Throughout the pandemic, many families have experienced losses in employment, childcare, and other family resources. The fact that the financial counselor is already an established member of the family’s care team makes the process of supporting families dealing with losses much smoother.

“Whether they’re facing a housing crisis or lack of childcare, that has been compounded by COVID-19,” says Howard. “These problems are quite pervasive, and they trickle down to children.”

Through approaches like family asset mapping and goal setting, the community wellness advocate is well-positioned to identify and support families’ needs for care responsively and holistically. During pediatric clinic visits, for instance, advocates prioritize connecting parents to their own primary care and to financial planners.

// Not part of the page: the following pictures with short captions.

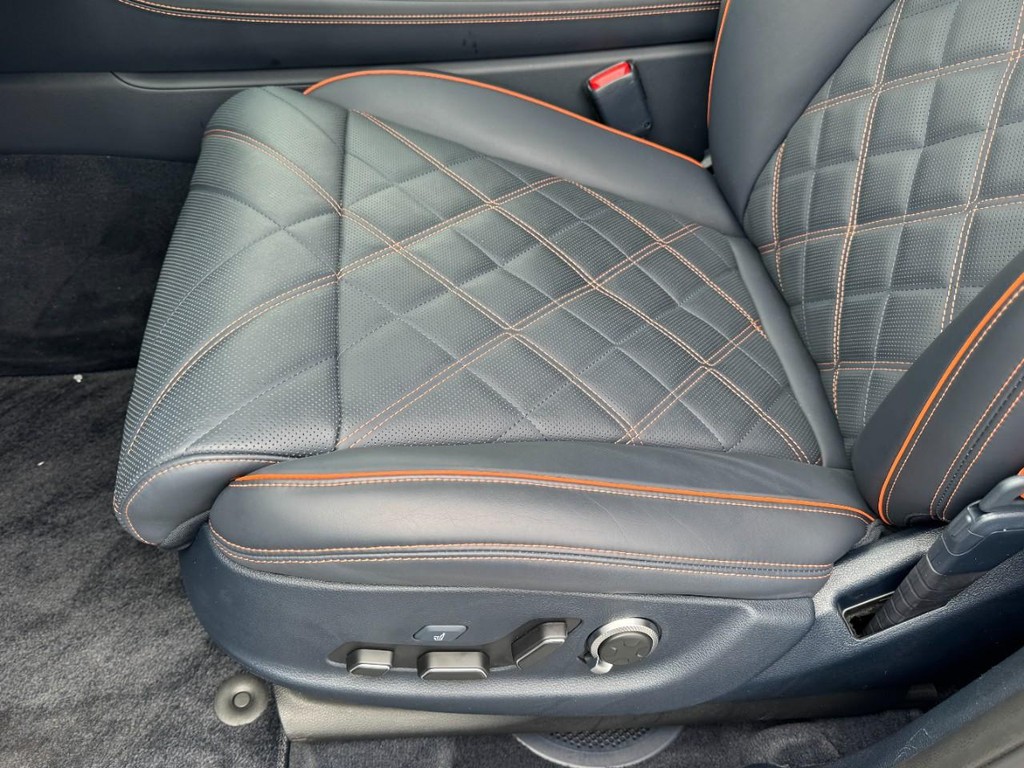 Genesis GV70 Vehicle Full-screen Gallery Image 15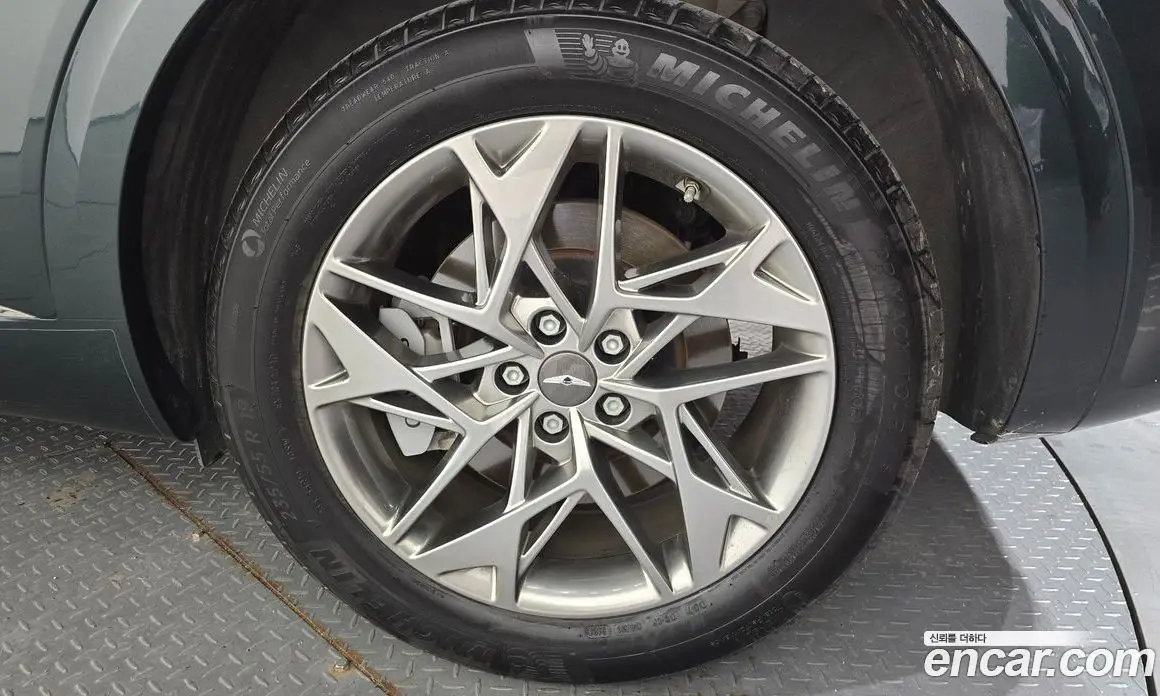 Genesis GV70 2023 2.5 автомат (гидро), фото 7 Genesis GV70 2023 2.5 автомат (гидро), фото 7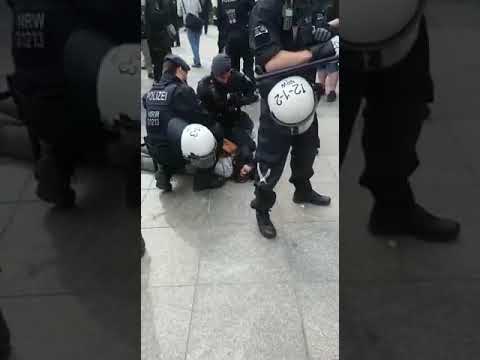 Lisa Licentia wird festgenommen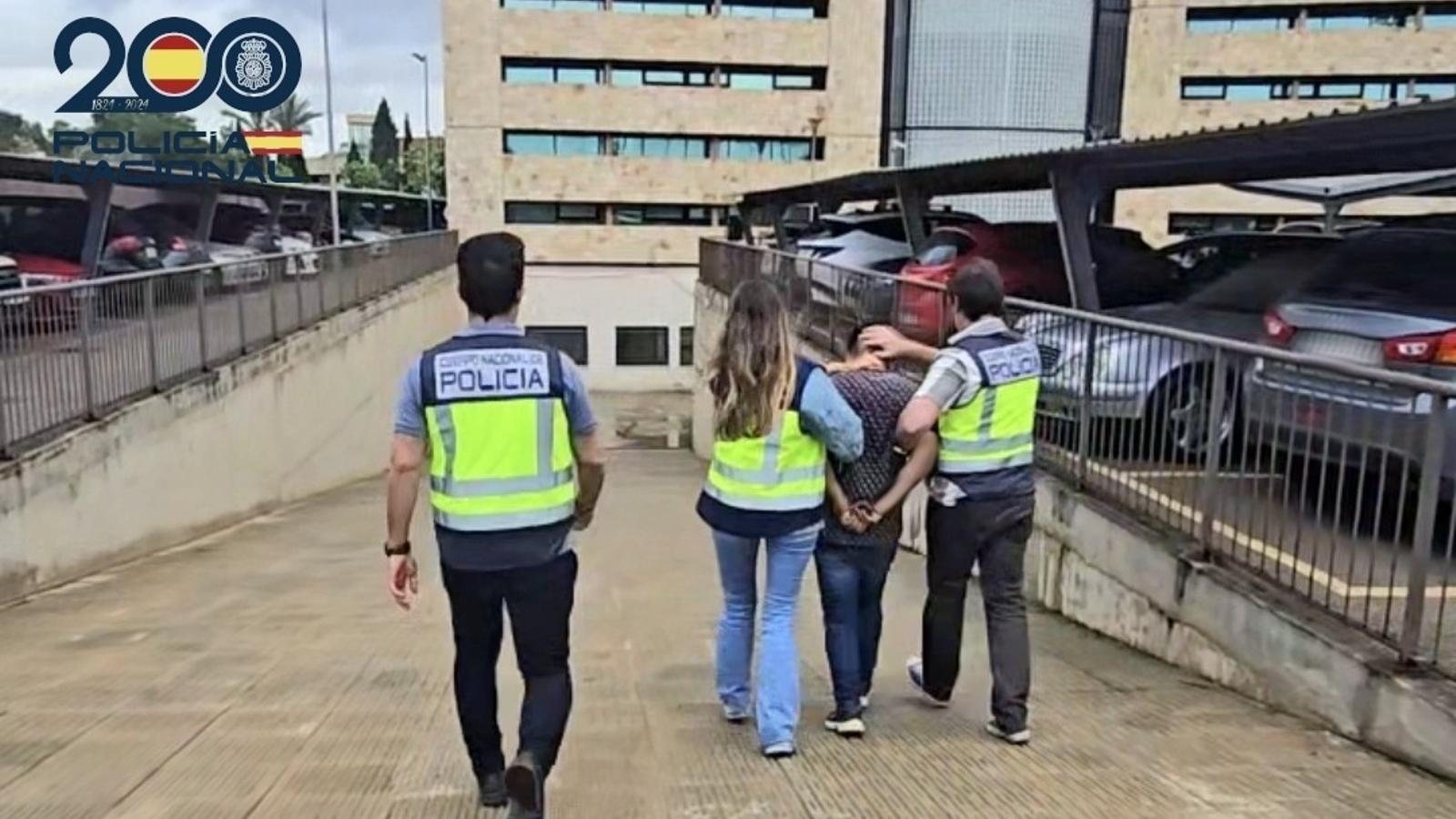 Die Nationalpolizei mit dem festgenommenen Angreifer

This holistic approach to pediatric primary care seeks to support physical health as well as emotional and spiritual wellbeing. It’s particularly crucial amid the COVID-19 pandemic, when mental health supports are stretched to capacity. Behavioral health support is embedded into the program’s pediatric care model, but all practitioners see the family’s emotional wellbeing as a goal.

“When we asked families what health means to them, they first said absence of illness and, secondarily, many said spiritual wellbeing,” says Howard. “That was profound for us—a moment to recognize that families are thinking beyond medicine. We realized that spiritual support was an aspect of the hospital that we might not have been using to its full potential as a way to help families during difficult times.”